MILANO (ITALPRESS) – Gli agenti della Polizia di Stato, coordinati dalla Procura di Milano – VII Dipartimento, hanno eseguito un’ordinanza di custodia cautelare in carcere nei confronti di un noto rapper milanese di 24 anni, gravemente indiziato del reato di tentato omicidio, porto abusivo di arma da fuoco ed esplosioni pericolose.
L’attività investigativa è nata in seguito alla sparatoria avvenuta in via Cusago, a Settimo Milanese, la sera dell’11 luglio scorso, nel corso della quale due giovani milanesi vennero entrambi raggiunti da colpi d’arma da fuoco alle gambe.
Quella sera gli i poliziotti intervenuti sul posto avevano riscontrato la presenza di uno solo dei feriti che aveva rifiutato il ricovero in ospedale perchè aveva riportato una leggera abrasione alla gamba e aveva manifestato la volontà di non raccontare nulla in merito all’accaduto. Poco dopo la sparatoria un altro giovane si era presentato al Pronto Soccorso dell’ospedale di Vimercate con una ferita d’arma da fuoco ad una gamba, fornendo una fumosa e mendace spiegazione di quanto accadutogli, riconducendo il ferimento all’azione da parte di cinque ignoti aggressori.

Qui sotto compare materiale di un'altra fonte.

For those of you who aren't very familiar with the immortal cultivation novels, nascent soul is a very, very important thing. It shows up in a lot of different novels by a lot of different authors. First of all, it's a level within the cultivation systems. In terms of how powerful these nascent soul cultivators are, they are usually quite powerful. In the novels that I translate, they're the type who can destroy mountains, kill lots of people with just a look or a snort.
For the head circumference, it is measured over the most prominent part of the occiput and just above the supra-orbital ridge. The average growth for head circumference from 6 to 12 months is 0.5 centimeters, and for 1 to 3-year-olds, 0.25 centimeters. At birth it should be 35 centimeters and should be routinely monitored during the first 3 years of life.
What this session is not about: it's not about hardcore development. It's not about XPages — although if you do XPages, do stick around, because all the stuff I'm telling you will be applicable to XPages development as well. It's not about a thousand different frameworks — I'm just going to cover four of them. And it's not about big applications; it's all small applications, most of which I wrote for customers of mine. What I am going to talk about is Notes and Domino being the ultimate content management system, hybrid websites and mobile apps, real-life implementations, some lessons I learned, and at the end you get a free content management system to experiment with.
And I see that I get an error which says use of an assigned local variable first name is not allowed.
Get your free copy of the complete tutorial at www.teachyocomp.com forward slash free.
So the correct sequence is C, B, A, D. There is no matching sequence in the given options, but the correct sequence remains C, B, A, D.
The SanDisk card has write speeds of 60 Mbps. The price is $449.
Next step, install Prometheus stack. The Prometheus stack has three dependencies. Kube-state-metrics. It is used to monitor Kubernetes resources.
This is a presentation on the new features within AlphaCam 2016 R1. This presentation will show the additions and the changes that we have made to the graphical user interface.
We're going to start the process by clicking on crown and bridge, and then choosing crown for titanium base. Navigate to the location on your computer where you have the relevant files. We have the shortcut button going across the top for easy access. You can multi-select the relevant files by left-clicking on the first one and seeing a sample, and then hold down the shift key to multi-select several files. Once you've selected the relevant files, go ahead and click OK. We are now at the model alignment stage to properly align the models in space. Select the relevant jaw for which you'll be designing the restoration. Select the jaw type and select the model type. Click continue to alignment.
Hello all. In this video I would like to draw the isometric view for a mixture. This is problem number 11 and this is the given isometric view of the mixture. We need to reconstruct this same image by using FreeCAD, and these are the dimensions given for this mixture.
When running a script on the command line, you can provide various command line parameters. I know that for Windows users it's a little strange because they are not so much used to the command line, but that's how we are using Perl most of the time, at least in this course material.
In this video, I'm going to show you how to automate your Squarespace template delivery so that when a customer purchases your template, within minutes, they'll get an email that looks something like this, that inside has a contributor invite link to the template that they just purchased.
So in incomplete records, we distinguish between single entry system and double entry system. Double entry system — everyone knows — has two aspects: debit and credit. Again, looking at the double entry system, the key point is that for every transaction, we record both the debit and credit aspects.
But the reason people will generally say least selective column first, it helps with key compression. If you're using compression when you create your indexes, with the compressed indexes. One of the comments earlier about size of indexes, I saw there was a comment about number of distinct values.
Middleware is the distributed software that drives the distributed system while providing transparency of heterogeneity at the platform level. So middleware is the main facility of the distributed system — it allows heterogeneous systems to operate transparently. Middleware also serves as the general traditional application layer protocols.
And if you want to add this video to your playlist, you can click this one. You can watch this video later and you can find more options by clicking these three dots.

La successiva ricostruzione del grave fatto delittuoso è stata il frutto di un’intensa e complessa attività d’indagine condotta dalla Sezione Reati contro la Persona della Squadra Mobile milanese attraverso attività tecniche, analisi di numerosi filmati e acquisizione di dichiarazioni di persone informate sui fatti. L’attività investigativa, attualmente nella fase delle indagini preliminari, ha consentito agli investigatori di ricondurre l’episodio verosimilmente a pregressi contrasti tra soggetti gravitanti nel mondo rap/trap milanese.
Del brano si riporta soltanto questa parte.